The Filmmaker’s Dilemma: When Making Good Films Isn’t Enough

The last time I walked into a cinema, there were eleven people in the hall. Eleven. I sat there in the dark, watching the work of dozens of crew members, months of effort, millions of rupees, flicker across the screen for an audience that could fit in a single van.

This is Pakistani cinema in 2025.

The Math That Doesn’t Add Up

Here’s what nobody wants to say out loud: even if you make a good film right now, you’ll probably lose money.

A modest Pakistani film costs anywhere from 50 to 150 million rupees to produce and market. To break even in our current market, you need sustained footfall across multiple weeks, strong word of mouth, and ideally some ancillary revenue from digital platforms. But when a family of four has to choose between spending on cinema tickets or feeding themselves for days, cinema loses. Every single time.

The economic crisis is eliminating the middle class that formed the backbone of cinema-going culture. The people who used to watch films on weekend outings now have YouTube on their phones and Netflix in their living rooms. Why spend money and two hours of travel time when entertainment is already in your palm?

The Catch-22 That’s Killing Us

Everyone agrees: we need to make good films to rebuild audience trust. The revival that started in 2013-2016 showed promise, but a string of disappointing films shattered the fragile faith we’d built. Audiences stopped giving us the benefit of the doubt.

So the solution seems obvious: make better films.

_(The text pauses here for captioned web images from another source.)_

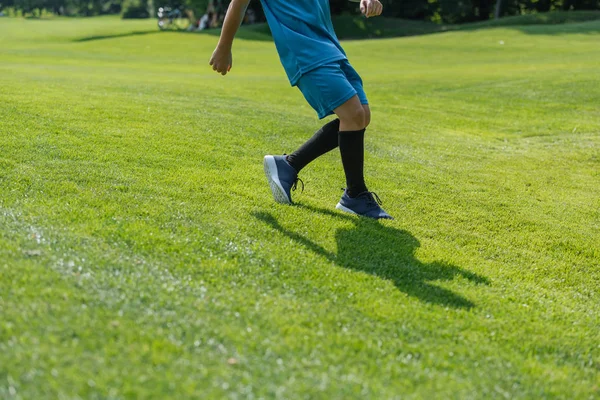 Cropped view of kid running on green grass — Stock Photo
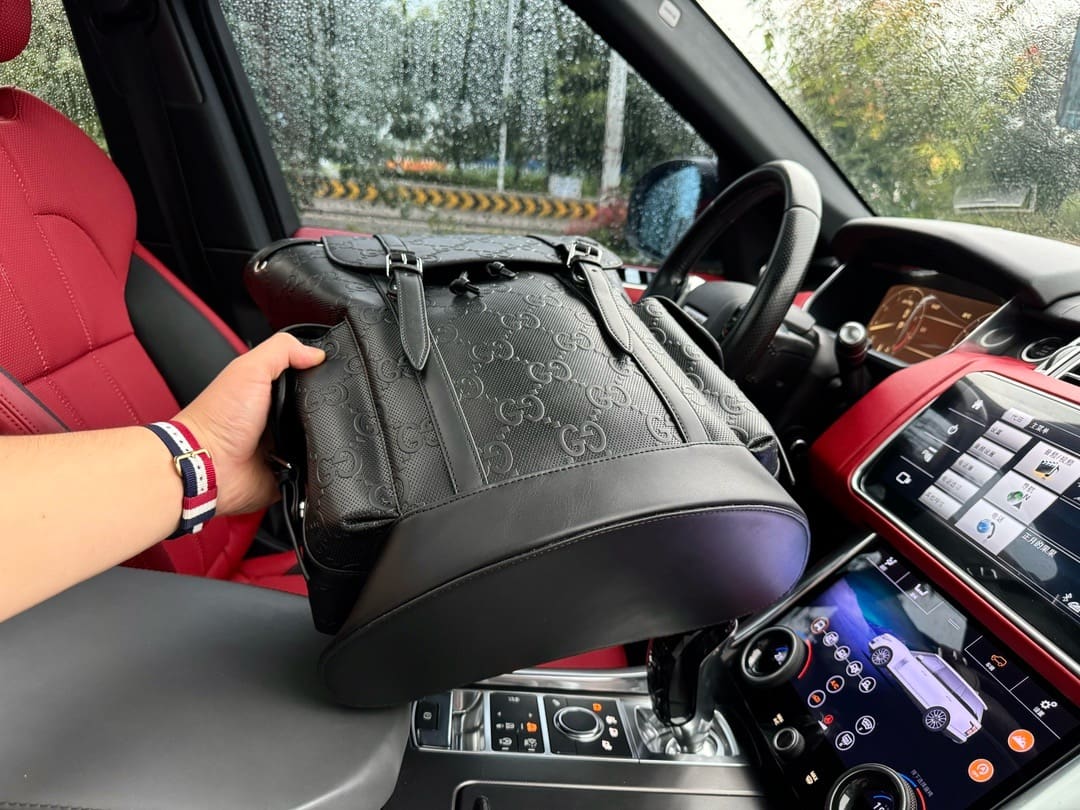 Gucci GG Leather Logo Embossed Backpack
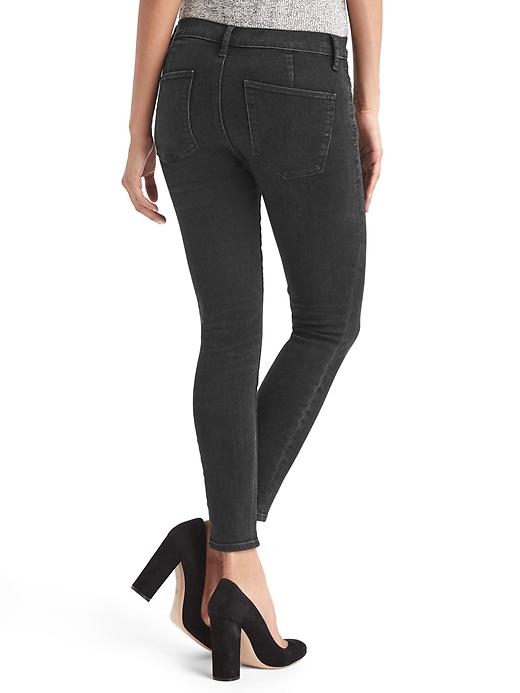 2 of 8 showing, with the color black of product Mid rise zip pocket true skinny ankle jeans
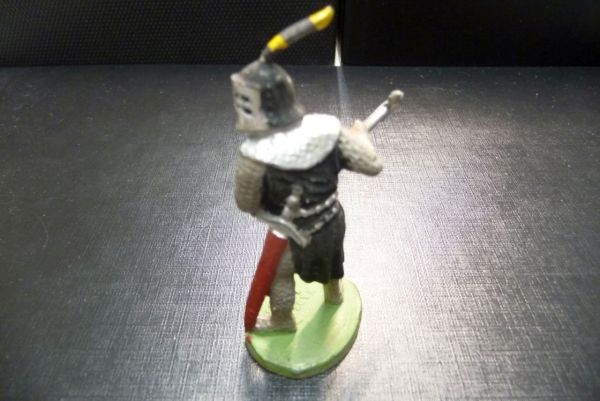 Timpo Toys Knight standing striking with battle axe from side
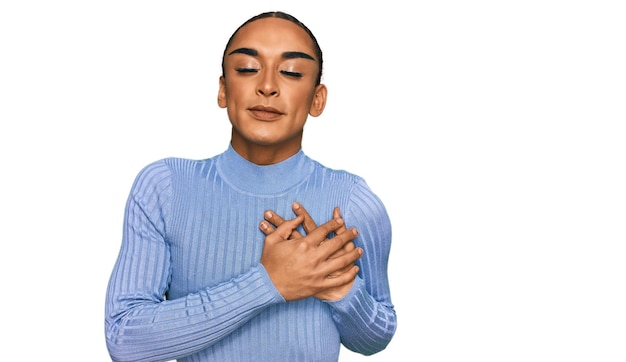 Kostenloses Foto hispanischer transgender-mann mit make-up und langen haaren in lässiger kleidung, lächelnd mit den händen auf der brust, geschlossenen augen und dankbarer geste im gesicht, gesundheitskonzept
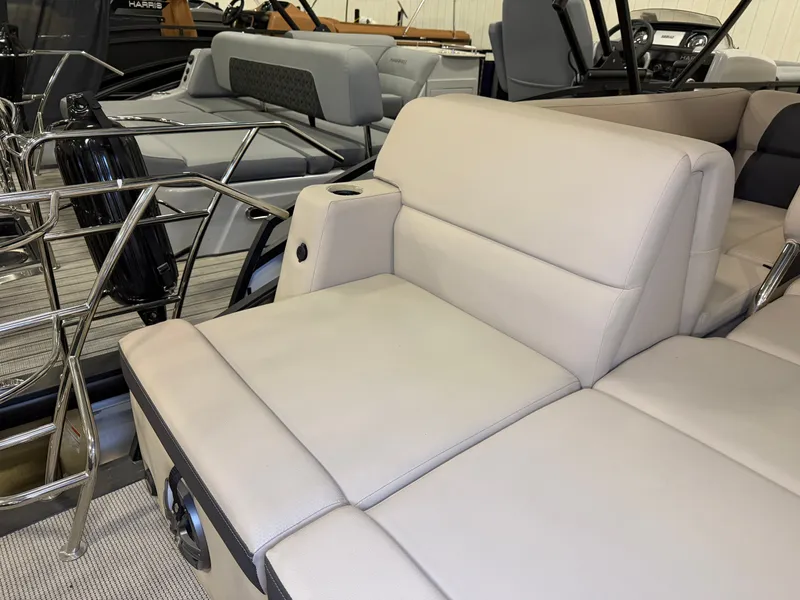 Slide: The Image of The image shows the beige upholstery of a 2025 Harris Cruiser 250. - 36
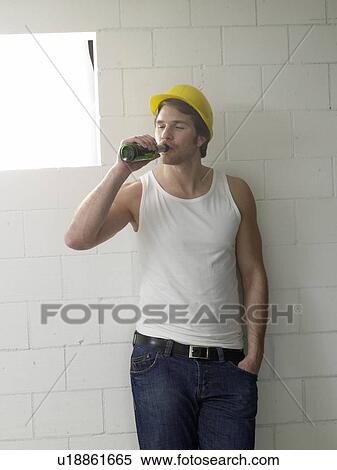 Construction worker is drinking beer View Large Photo Image Stock Photography - Construction worker is drinking beer. Fotosearch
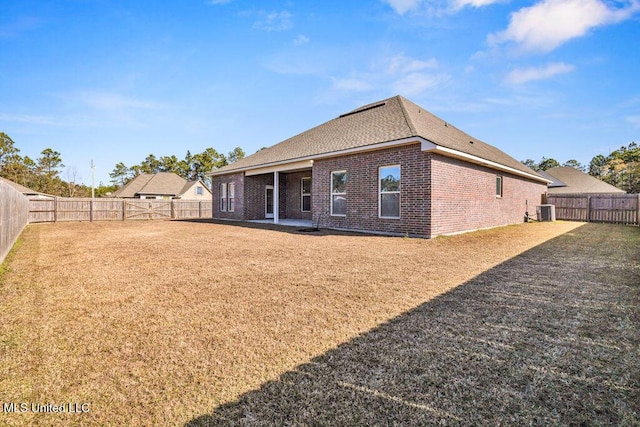 back of house featuring central AC unit and a patio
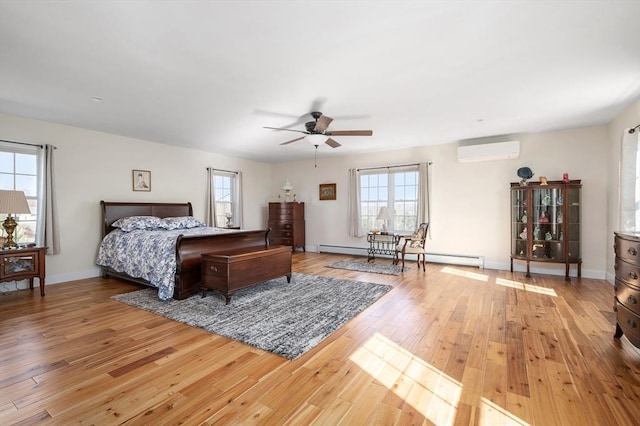 bedroom with a ceiling fan, baseboards, a baseboard radiator, an AC wall unit, and light wood-type flooring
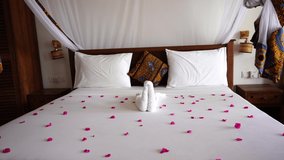 Interior design decor furnishing of luxury show home holiday villa bedroom with four poster bed. Interior design of the tropical villa on sea, island of Zanzibar, Tanzania, Africa, establishing shot - Powered by Shutterstock - Get 15% off with code: PIKWIZARD15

But here’s the trap: you need resources to make good films. You need experienced crew, decent production values, time to develop scripts, the freedom to take creative risks. All of that requires money. And money requires investors who believe they’ll see returns. And returns require audiences who trust you enough to show up.

How do you break this cycle when you’re already drowning?

The Questions That Keep Me Up at Night

I’m a director. I love this craft. I’ve spent years studying story structure, cinematography, editing techniques. I prototype video games in my spare time because I’m obsessed with interactive narrative and player agency. I know how to make something good.

But knowledge isn’t enough anymore.

Do I make the film I want to make for Pakistani audiences and risk financial ruin when they don’t show up? Or do I chase international festival circuits and OTT platforms, potentially alienating the local stories that matter most?

Do I compromise on budget and scope, shooting on phones and favoring intimate stories I can afford, even though audiences seem to want spectacle? Or do I bet everything on one big swing, knowing that one failure could end my career?

Do I pivot entirely? Should I be making content for YouTube instead, where the barrier to entry is lower and the audience is already there? But then am I still a filmmaker, or have I just become a content creator?

At what point does perseverance become delusion?

The Cost Nobody Talks About

“Just make good films and hope we’ll regain trust,” I tell myself. But hope doesn’t pay rent. Hope doesn’t fund the next project. Hope doesn’t explain to your family why you’re still chasing this dream when the industry is collapsing around you.

Every filmmaker I know is carrying this weight. We’re taking on debt, burning through savings, working other jobs to subsidize our passion. We’re getting older, watching opportunities in other industries pass us by. The opportunity cost of filmmaking in Pakistan right now isn’t just financial, it’s existential.

And yet, we haven’t quit.

Why We’re Still Here

I wish I had a neat answer to this. Some inspirational pivot point where I tell you about the innovative business model that’s going to save Pakistani cinema, or the breakthrough approach that makes everything viable again.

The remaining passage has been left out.